Bel, which recently launched vegan versions of its popular cheeses, says Superbrewed aligns with its goal of scaling up “its most promising technologies offering nutritional, environmental, and sensory advantages in its products for the benefit of people and the planet.”

The partnership will see Superbrewed’s ‘Postbiotic’ Cultured Protein developed for use under the Bel Group brand’s labels. The cultured biomass fermentation protein is made from microflora that converts plant fibres, according to Superbrewed. The protein contains all nine essential amino acids and is minimally processed. A 30-gram serving of the protein meets the US FDA requirements for a “good source” of five b vitamins, including B-12. It’s also rich in a range of minerals, including iron, magnesium, and phosphorous.

“We’re honoured to partner with Bel Group to lead the industry in the application of highly scalable alternative proteins for cheese,” said Superbrewed Food CEO Bryan Tracy. “Given the global reach of their brands and inclusive “open collaboration” model, they are ideal partners for Superbrewed.”

Superbrewed Food was born out of Tracy’s interest in large herbivores including gorillas and cows. He discovered that one of the reasons these animals thrive on a plant-based diet was an active microbiome. 

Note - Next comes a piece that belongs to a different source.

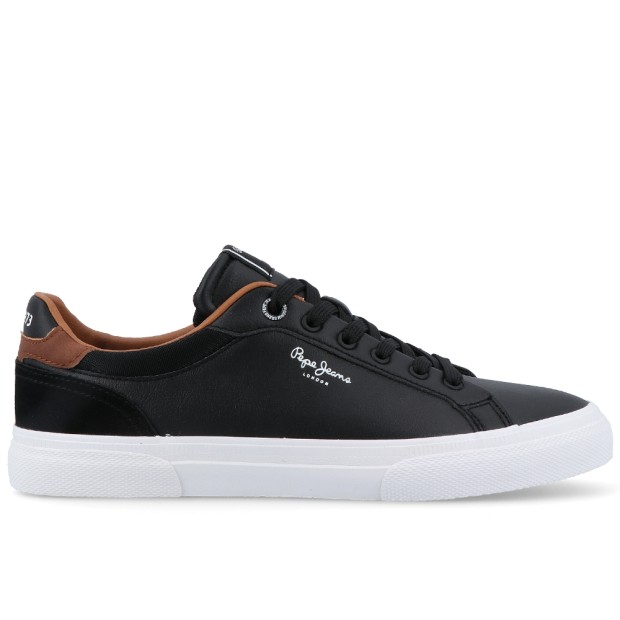 Sapatilha Pepe Jeans Kenton Court Black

“So, we said, ‘Well, why can’t we essentially take that out of the digestive system and do the same thing?’” Tracy added. “Find the protein specialists that can eat plant fibres — low-cost calories - feed that to a microorganism, have the microorganisms make incredibly nutritious protein. And that’s exactly what we’ve discovered inside of these microbiomes.”

The company was working in a stealth mode for several years before announcing it had made dairy-free milk and cheeses last year. It raised $45 million to develop its tech. Last year, it partnered with Acme-Hardesty to bring butyrate postbiotic supplements to the US and Canada.

Bel Group research and application director Anne Pitkowski says the cheese company is accelerating on its exploration into biomass fermentation because of its environmental, nutritional, and accessibility benefits, “without compromising on taste and pleasure.”